(Stored data entries)

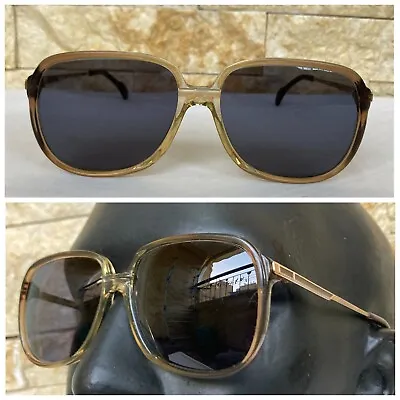 Vintage Metzeler 0366 Sunglasses Germany Squared Gents 1980's Metal Nos Unused • $233.75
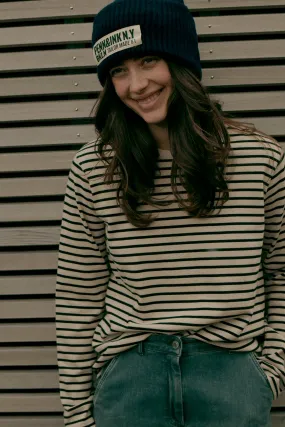 SWEATER STRIPE (W24F1517) VANILLA - BLACK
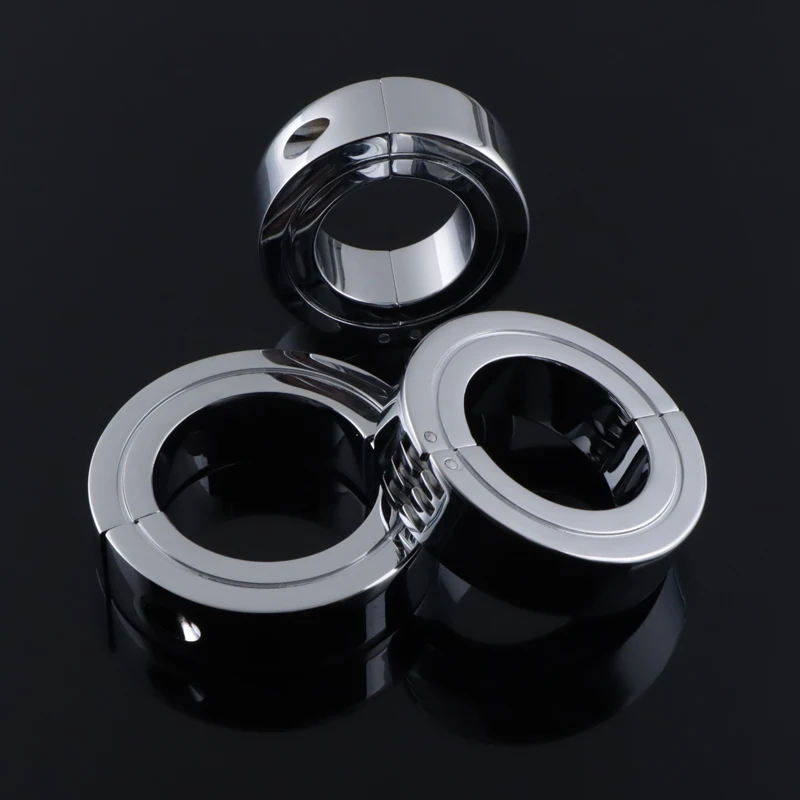 

Men Dick Ring Erotic Sexual Delay Ring Stainless Steel Metal Scrotum Stretcher Penis Bondage Lock Delay Ejaculation CockRing 18+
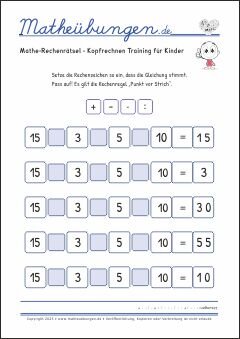 Mathe-Rechenrätsel Mathe-Übungen mit Lösungen 4. Klasse Grundschule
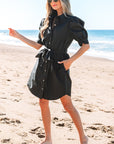 Malaya Button Up Tie Waist Puff Sleeve Mini Dress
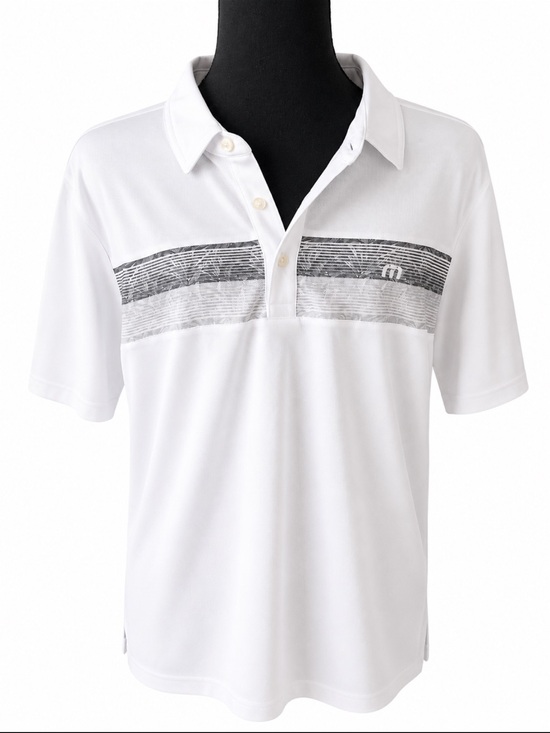 Travis Mathew Other - TravisMathew Men’s White Chest Stripe Performance Golf Polo L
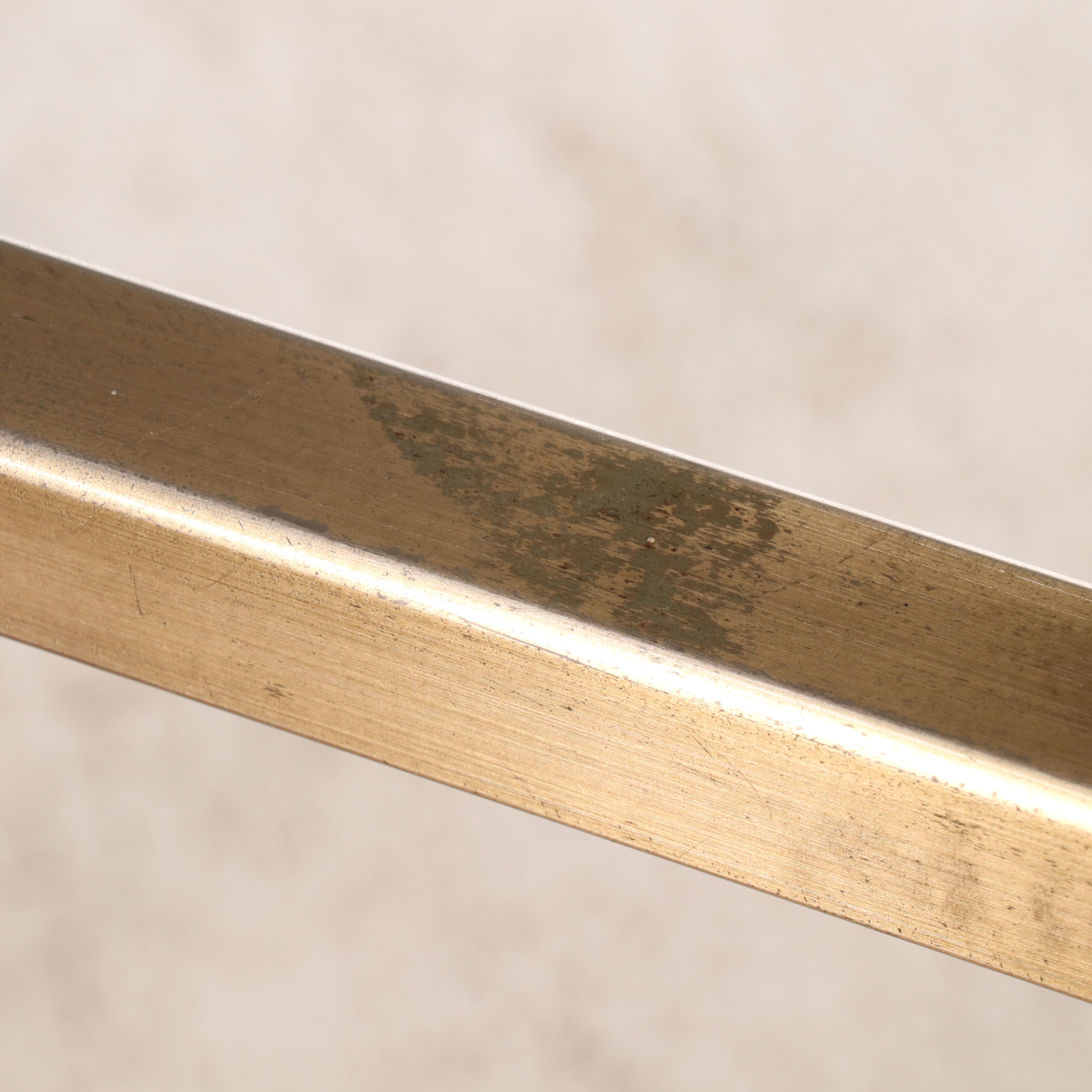 Set of Six Postmodernist Upholstered Brass Tone Dining Chairs, Late 20th Century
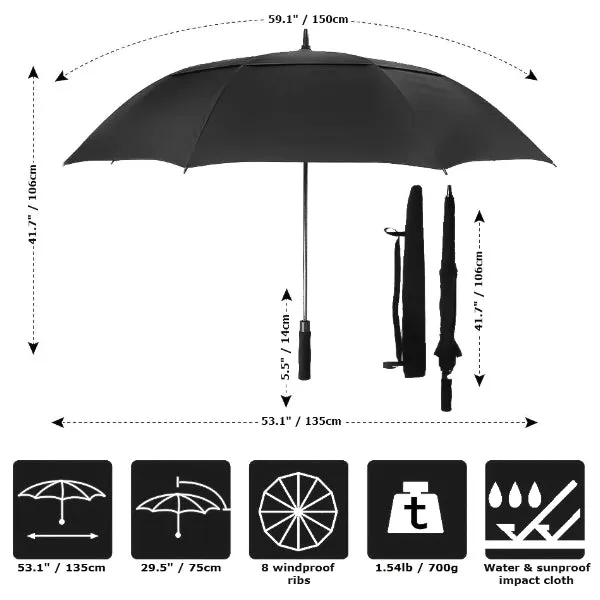 Black Large Windproof Umbrella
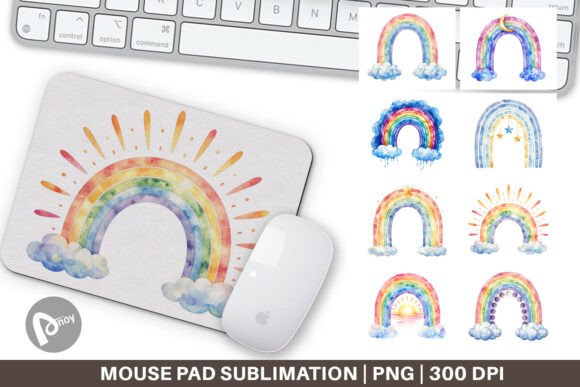 Celestial Boho Moon Rainbow Mouse Pad: A Stylish and Functional Addition to Your Workspace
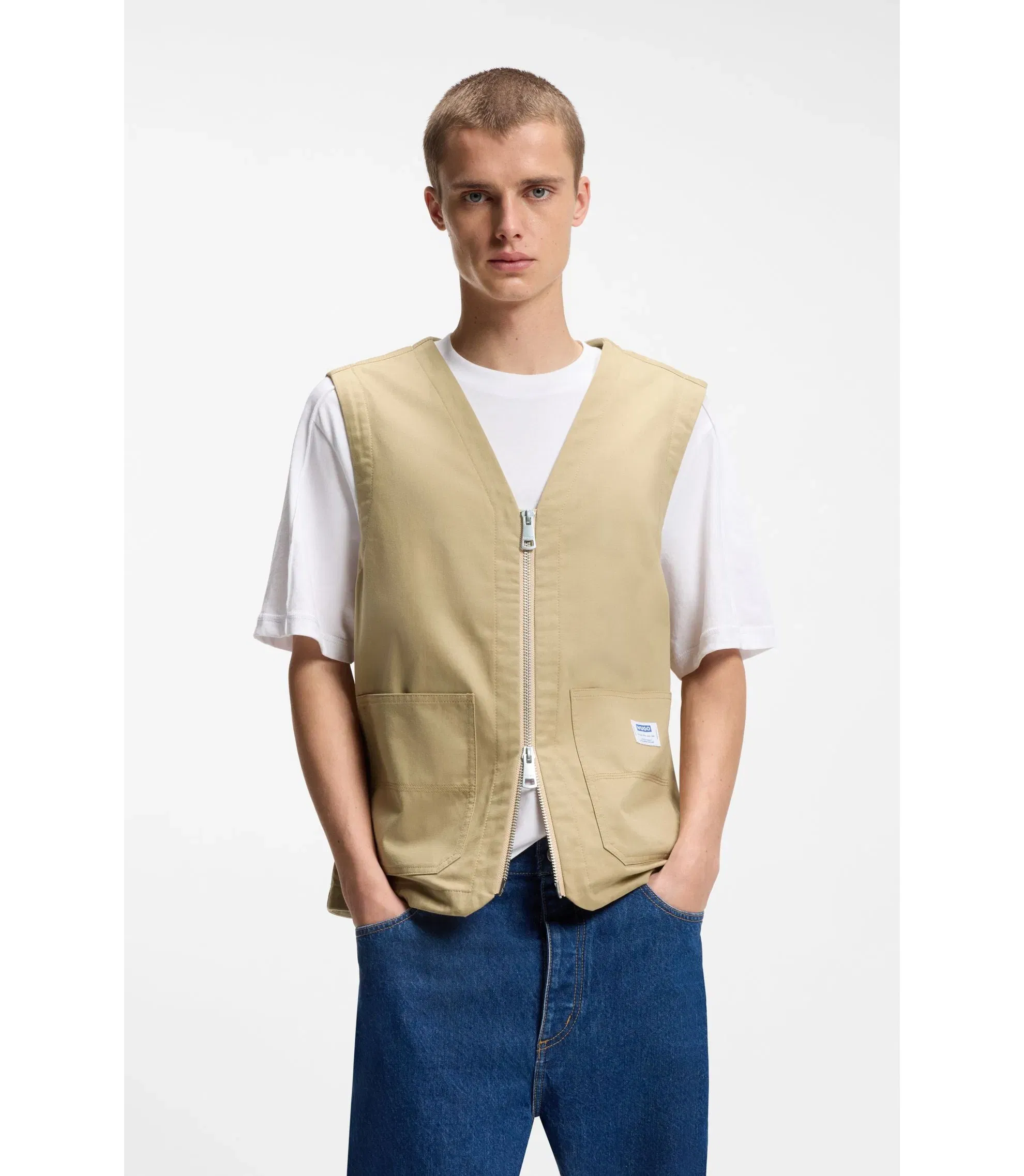 Hugo Relaxed Fit Gilet In Mercerized Cotton Beige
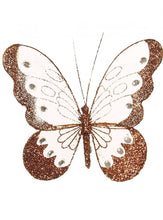Load image into Gallery viewer, Medium Nylon Glitter Diamante Butterfly Decoration With Metal Clip On Reverse In Various Colours 18cm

**INSTRUCTIONS FOR THE TASK**. Your answer must be the exact lines from the one containing "Travis Mathew Other" through the last line of the records above, with both included and no pictures.

**OUTPUT OF THE TASK**.
 Travis Mathew Other - TravisMathew Men’s White Chest Stripe Performance Golf Polo L
 Set of Six Postmodernist Upholstered Brass Tone Dining Chairs, Late 20th Century
 Black Large Windproof Umbrella
 Celestial Boho Moon Rainbow Mouse Pad: A Stylish and Functional Addition to Your Workspace
 Hugo Relaxed Fit Gilet In Mercerized Cotton Beige
Load image into Gallery viewer, Medium Nylon Glitter Diamante Butterfly Decoration With Metal Clip On Reverse In Various Colours 18cm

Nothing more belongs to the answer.